Şunun Şurası Kaç Kişiyiz - Drake Denklemi


    Dağılıyordu...

    Üç kıtadaki milyonlarca insanın üzerinde asırlarca hüküm süren, krallara diz çöktüren o koca çınar...

    Uzun yıllardır yapılan yanlışlar ve zamanında alınamamış tedbirler, ki aslında değişime ayak uyduramamak demek daha doğru olur, sonunda yapıyordu yapacağını.
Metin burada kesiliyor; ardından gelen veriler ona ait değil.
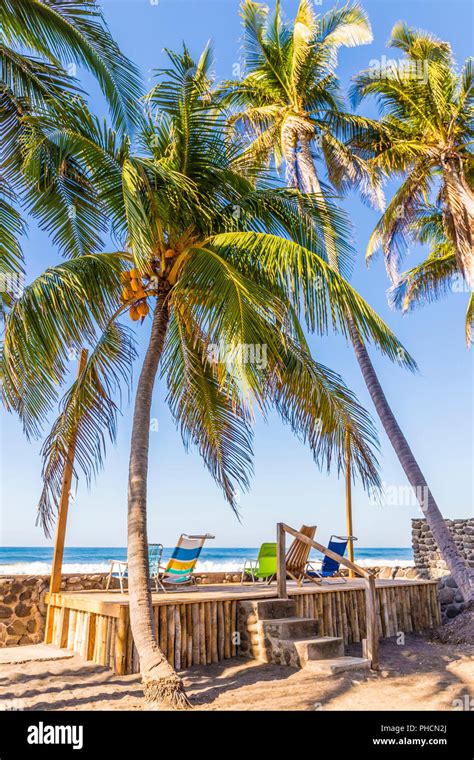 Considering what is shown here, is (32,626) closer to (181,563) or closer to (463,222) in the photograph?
(181,563)

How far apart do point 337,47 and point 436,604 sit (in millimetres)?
11345

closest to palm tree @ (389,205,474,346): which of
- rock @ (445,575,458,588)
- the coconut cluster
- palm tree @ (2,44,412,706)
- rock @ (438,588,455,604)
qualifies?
rock @ (445,575,458,588)

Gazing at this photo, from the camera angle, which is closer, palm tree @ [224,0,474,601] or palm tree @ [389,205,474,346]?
palm tree @ [224,0,474,601]

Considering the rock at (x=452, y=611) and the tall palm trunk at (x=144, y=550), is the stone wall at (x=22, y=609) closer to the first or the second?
the tall palm trunk at (x=144, y=550)

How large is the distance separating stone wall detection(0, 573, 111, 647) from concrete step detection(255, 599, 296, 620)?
3612 mm

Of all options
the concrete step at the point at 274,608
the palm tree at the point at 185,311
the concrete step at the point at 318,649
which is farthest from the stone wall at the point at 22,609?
the concrete step at the point at 318,649

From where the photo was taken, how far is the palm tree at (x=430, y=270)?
1590cm

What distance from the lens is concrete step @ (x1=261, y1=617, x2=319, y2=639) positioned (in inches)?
270

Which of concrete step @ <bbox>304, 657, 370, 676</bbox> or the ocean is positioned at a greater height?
concrete step @ <bbox>304, 657, 370, 676</bbox>

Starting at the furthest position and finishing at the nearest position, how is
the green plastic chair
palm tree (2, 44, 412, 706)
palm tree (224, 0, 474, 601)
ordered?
1. palm tree (224, 0, 474, 601)
2. the green plastic chair
3. palm tree (2, 44, 412, 706)

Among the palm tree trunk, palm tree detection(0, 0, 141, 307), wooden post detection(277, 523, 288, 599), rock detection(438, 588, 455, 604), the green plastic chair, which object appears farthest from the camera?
rock detection(438, 588, 455, 604)

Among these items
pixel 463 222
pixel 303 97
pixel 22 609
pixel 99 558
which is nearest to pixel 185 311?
pixel 22 609

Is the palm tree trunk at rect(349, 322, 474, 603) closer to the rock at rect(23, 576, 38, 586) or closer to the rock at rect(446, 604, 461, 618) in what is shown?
the rock at rect(446, 604, 461, 618) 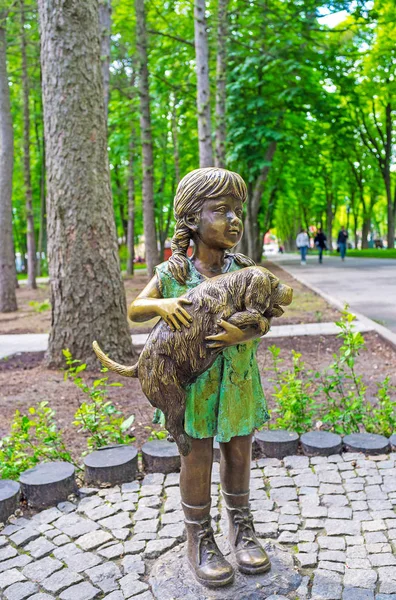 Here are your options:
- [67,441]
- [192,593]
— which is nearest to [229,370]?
[192,593]

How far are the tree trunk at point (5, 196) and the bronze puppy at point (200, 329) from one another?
11176mm

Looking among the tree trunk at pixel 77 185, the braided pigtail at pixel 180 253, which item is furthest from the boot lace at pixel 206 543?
the tree trunk at pixel 77 185

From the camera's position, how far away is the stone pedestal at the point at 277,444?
4.14 metres

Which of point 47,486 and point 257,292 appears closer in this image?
point 257,292

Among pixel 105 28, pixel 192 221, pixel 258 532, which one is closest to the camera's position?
pixel 192 221

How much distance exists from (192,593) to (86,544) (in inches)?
33.7

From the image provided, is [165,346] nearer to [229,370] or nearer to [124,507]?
[229,370]

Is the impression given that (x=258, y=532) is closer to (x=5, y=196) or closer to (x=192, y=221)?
(x=192, y=221)

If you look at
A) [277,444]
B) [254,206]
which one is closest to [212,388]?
[277,444]

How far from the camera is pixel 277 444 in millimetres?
4133

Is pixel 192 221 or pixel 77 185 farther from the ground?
pixel 77 185

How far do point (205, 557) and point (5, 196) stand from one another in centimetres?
1211

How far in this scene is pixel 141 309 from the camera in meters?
2.42

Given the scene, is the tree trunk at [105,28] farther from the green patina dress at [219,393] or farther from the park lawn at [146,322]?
the green patina dress at [219,393] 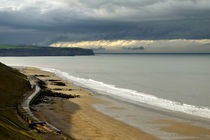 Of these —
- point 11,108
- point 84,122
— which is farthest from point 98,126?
point 11,108

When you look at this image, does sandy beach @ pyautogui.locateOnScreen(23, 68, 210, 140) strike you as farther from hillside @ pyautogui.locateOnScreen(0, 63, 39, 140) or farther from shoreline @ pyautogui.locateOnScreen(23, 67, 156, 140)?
hillside @ pyautogui.locateOnScreen(0, 63, 39, 140)

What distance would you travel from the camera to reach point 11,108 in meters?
27.0

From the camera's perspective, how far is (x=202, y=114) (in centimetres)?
3108

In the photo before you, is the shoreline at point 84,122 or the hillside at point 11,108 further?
the shoreline at point 84,122

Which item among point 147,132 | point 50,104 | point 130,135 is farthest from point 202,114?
point 50,104

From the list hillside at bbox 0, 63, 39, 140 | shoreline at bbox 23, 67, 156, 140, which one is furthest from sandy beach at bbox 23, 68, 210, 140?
hillside at bbox 0, 63, 39, 140

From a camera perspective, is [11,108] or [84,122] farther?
[11,108]

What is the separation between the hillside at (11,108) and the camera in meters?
16.1

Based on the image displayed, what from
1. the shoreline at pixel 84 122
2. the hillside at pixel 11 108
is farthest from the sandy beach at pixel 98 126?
the hillside at pixel 11 108

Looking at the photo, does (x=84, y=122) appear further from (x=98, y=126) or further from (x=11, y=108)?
(x=11, y=108)

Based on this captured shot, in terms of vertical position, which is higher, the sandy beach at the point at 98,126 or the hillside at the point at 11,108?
the hillside at the point at 11,108

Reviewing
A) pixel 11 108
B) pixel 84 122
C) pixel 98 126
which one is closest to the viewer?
pixel 98 126

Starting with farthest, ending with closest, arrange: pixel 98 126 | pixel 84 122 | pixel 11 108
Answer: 1. pixel 11 108
2. pixel 84 122
3. pixel 98 126

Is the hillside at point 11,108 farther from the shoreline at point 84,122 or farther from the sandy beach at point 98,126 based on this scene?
the sandy beach at point 98,126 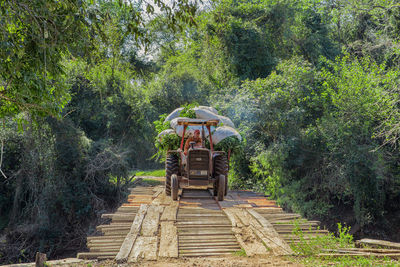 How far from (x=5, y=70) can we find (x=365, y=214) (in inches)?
436

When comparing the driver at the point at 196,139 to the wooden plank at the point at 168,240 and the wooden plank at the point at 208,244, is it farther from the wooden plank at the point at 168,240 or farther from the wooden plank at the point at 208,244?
the wooden plank at the point at 208,244

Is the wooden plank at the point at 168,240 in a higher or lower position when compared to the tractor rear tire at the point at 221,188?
lower

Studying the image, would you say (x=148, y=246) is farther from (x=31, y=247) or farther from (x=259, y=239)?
(x=31, y=247)

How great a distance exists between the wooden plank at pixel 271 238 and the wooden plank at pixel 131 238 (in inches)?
78.4

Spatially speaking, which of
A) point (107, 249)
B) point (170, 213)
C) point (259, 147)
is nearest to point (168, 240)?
point (107, 249)

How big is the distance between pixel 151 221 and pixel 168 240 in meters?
0.95

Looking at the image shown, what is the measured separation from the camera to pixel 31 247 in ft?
37.1

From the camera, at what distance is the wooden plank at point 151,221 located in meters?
5.41

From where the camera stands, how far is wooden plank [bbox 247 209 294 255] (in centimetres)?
481

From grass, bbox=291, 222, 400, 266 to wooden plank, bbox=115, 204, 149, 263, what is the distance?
2319mm

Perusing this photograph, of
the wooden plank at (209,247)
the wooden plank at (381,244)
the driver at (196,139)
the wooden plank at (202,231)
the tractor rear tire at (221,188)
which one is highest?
the driver at (196,139)

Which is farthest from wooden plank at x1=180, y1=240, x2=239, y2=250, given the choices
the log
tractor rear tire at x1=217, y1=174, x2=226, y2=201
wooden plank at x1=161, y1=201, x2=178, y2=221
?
tractor rear tire at x1=217, y1=174, x2=226, y2=201

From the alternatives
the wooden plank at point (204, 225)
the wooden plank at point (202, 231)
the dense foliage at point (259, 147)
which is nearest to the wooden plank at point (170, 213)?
the wooden plank at point (204, 225)

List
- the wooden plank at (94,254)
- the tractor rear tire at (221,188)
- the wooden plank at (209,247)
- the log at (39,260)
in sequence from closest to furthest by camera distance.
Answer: the log at (39,260)
the wooden plank at (94,254)
the wooden plank at (209,247)
the tractor rear tire at (221,188) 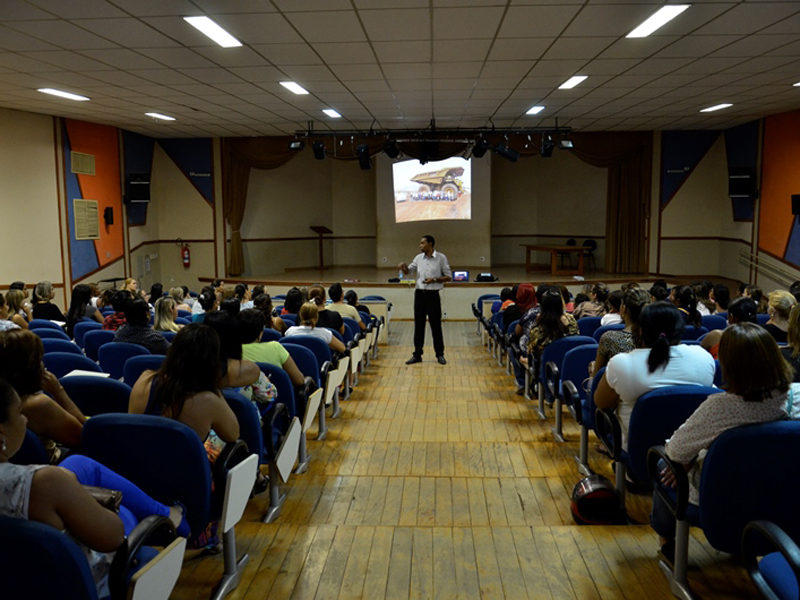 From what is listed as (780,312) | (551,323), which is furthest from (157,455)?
(780,312)

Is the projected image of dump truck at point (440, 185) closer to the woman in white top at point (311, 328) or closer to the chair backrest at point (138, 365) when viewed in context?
the woman in white top at point (311, 328)

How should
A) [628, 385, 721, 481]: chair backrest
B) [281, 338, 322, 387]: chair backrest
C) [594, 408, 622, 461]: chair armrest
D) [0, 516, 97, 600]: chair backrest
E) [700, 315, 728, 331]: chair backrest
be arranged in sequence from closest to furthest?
[0, 516, 97, 600]: chair backrest, [628, 385, 721, 481]: chair backrest, [594, 408, 622, 461]: chair armrest, [281, 338, 322, 387]: chair backrest, [700, 315, 728, 331]: chair backrest

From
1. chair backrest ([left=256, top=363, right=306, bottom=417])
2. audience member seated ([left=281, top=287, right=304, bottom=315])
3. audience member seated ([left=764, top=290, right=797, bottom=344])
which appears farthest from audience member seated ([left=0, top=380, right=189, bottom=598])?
audience member seated ([left=281, top=287, right=304, bottom=315])

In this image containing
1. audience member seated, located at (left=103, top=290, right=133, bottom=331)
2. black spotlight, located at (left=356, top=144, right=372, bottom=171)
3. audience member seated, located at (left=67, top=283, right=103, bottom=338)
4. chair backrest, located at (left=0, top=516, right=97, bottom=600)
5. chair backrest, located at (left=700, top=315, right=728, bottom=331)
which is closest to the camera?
chair backrest, located at (left=0, top=516, right=97, bottom=600)

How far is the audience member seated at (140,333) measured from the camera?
4.39 meters

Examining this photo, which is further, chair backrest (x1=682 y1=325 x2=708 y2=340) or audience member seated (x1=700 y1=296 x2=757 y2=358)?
chair backrest (x1=682 y1=325 x2=708 y2=340)

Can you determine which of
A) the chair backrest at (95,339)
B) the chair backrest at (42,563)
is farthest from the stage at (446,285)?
the chair backrest at (42,563)

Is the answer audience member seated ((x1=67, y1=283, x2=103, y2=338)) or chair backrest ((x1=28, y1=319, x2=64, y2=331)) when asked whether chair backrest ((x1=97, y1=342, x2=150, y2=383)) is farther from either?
audience member seated ((x1=67, y1=283, x2=103, y2=338))

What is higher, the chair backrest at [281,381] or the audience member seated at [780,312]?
the audience member seated at [780,312]

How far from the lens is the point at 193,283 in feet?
47.7

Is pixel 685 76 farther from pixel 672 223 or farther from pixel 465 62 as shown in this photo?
pixel 672 223

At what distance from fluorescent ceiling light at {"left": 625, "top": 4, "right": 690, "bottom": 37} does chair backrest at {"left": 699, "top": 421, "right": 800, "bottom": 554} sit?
415 centimetres

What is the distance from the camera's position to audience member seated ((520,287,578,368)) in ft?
16.9

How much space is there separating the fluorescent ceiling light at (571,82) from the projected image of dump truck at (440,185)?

    Koca imparatorluk dağılıyordu...

    O ise henüz otuz yaşındaydı ve bu durumu kabul etmiyor ve etmeyecekti elbette. Bir diğer yandan ise gerçekçi olmak gerekliydi belkide, ama o kadar da kolay olmamalıydı öyle aç akbabalar gibi bir yaralı aslana üşüşmek. Toplantı sonrası kara tahtadaki bir not ile öğrendi kuzey Afrika'ya gideceğini. Görev kutsaldır ve aslında kendisini uzaklaştırmak ta istiyorlardı bir diğer taraftan tartışmaların merkezinden.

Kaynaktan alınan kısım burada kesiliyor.